The PASS File Database
The PASS files are an important source of archaeological information for the Commonwealth of Pennsylvania, but there are several problems with this resource. Because of the way that the PASS files were originally collected, the information is very uneven in quality. Table 25 lists the methods by which sites were recorded for the watershed. The majority of sites (almost 75%) were found through unsystematic surveys. Site locations are unverified, in many cases. I recommend that the archaeological community begin a comprehensive review and correction of this and other watershed databases, especially for those watersheds that have been identified as high site density areas. If the survey priorities policy is to work, it needs to be based on accurate information. It is important to have accurate site locations, information on the number of sites that are now destroyed, and accurate chronologic assessments. There should be a mechanism for updating information about the condition of sites in the database.
The CRM Report Database
Archaeologists believe that the "gray" or unpublished
site reports that have accumulated on agency shelves as a result of CRM investigations
will one day be an important source of information for our syntheses of the
prehistory of various regions of the state. There are a number of problems with
the reports, one of which is accessibility.

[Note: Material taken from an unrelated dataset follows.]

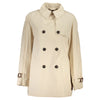 Tommy Hilfiger Beige Cotton Women Trench Coat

Although there are three designated report repositories in the state (at the
BHP, the Anthropology Department of the Carnegie Museum, and Temple University)
access to this information is still limited by distance and availability. In
addition, it is difficult to know how many reports are available for an area
and to then find those reports. It would be useful to have a list of all of
the reports that is updated on a yearly basis. There are also new technologies
such as scanning and creating Adobe Acrobat (pdf) files of old reports that
could then be used to produce compact discs (CD) of the literature for each
watershed. The CD format would provide an inexpensive and easily duplicated
way to distribute the archaeological literature. If the literature was more
available, we would all be able to contribute to the refinement of research
questions for the watersheds.
Beyond their basic availability, the reports are difficult to use because they reflect different approaches to survey and approaches that have changed through time. While it might be best if all surveys were conducted with a single standard methodology, in both upland and riverine settings, this may be an impractical requirement. It would be very useful to have a systematic way to record the locations of areas that have been surveyed and to record the survey results by topographic feature.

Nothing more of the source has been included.